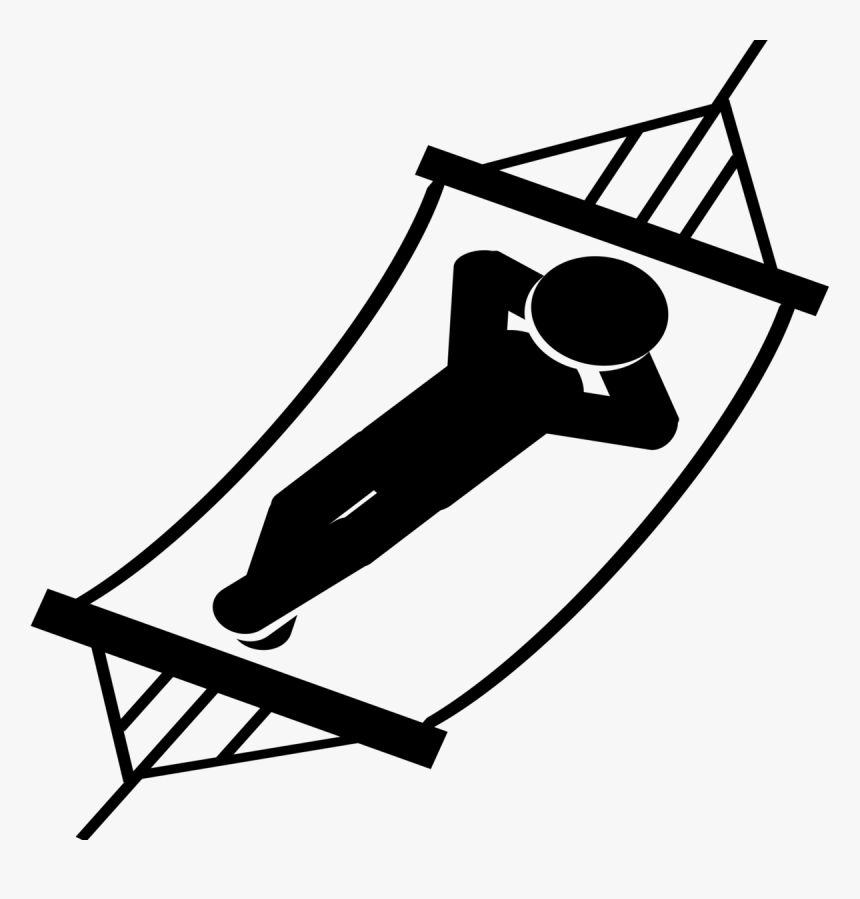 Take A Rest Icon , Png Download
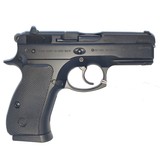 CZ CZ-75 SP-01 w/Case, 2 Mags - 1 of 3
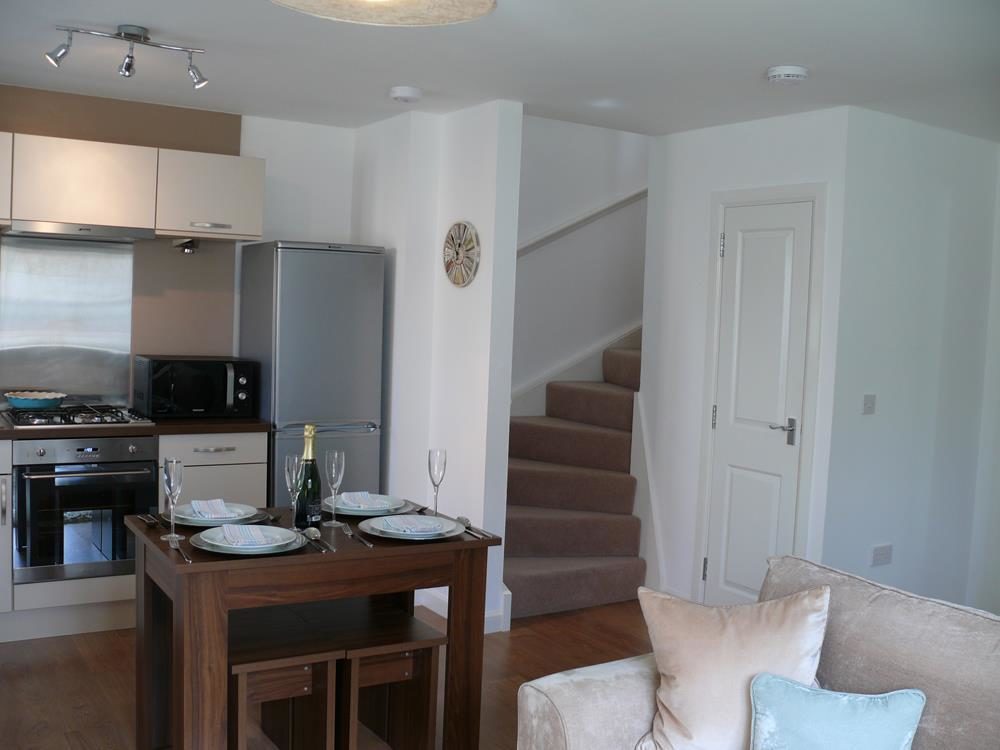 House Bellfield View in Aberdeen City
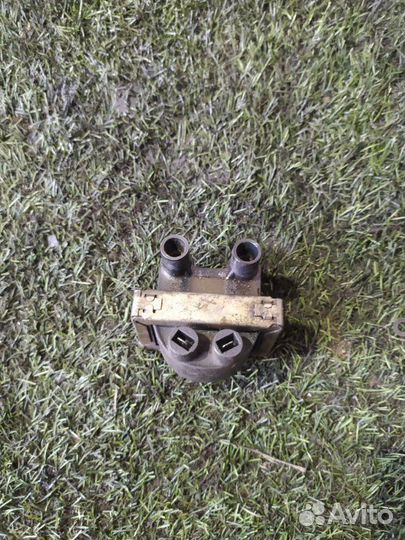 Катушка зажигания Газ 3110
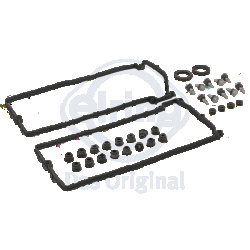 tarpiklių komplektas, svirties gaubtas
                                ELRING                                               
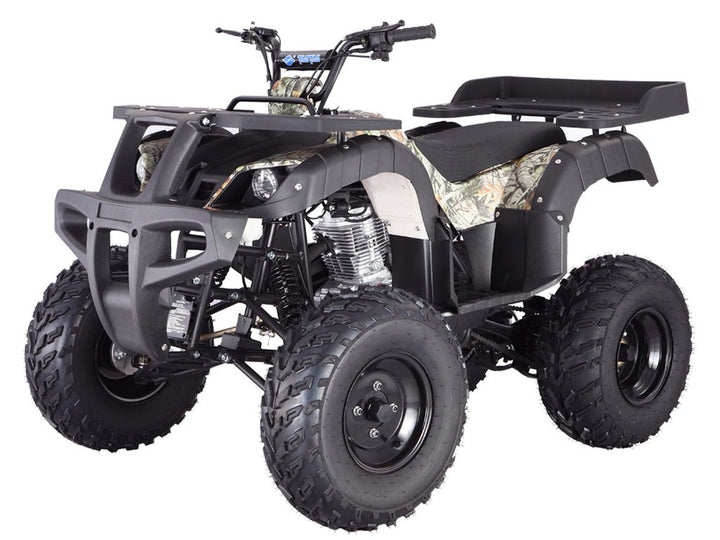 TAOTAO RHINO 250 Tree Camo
═══
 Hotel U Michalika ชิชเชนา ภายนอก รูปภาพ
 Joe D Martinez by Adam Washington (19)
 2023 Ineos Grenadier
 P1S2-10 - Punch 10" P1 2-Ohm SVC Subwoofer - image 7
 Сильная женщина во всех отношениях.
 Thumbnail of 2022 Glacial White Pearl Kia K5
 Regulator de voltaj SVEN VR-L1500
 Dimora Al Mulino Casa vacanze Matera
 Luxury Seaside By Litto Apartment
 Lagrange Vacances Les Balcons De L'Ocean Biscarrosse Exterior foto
═══
## Exercise requirements:
Output, from the data above, the lines from the line with "Luxury Seaside By Litto Apartment" to the line with "Lagrange Vacances Les" exactly as they stand, both ends included and nothing else.

## Completed exercise:
 Luxury Seaside By Litto Apartment
 Lagrange Vacances Les Balcons De L'Ocean Biscarrosse Exterior foto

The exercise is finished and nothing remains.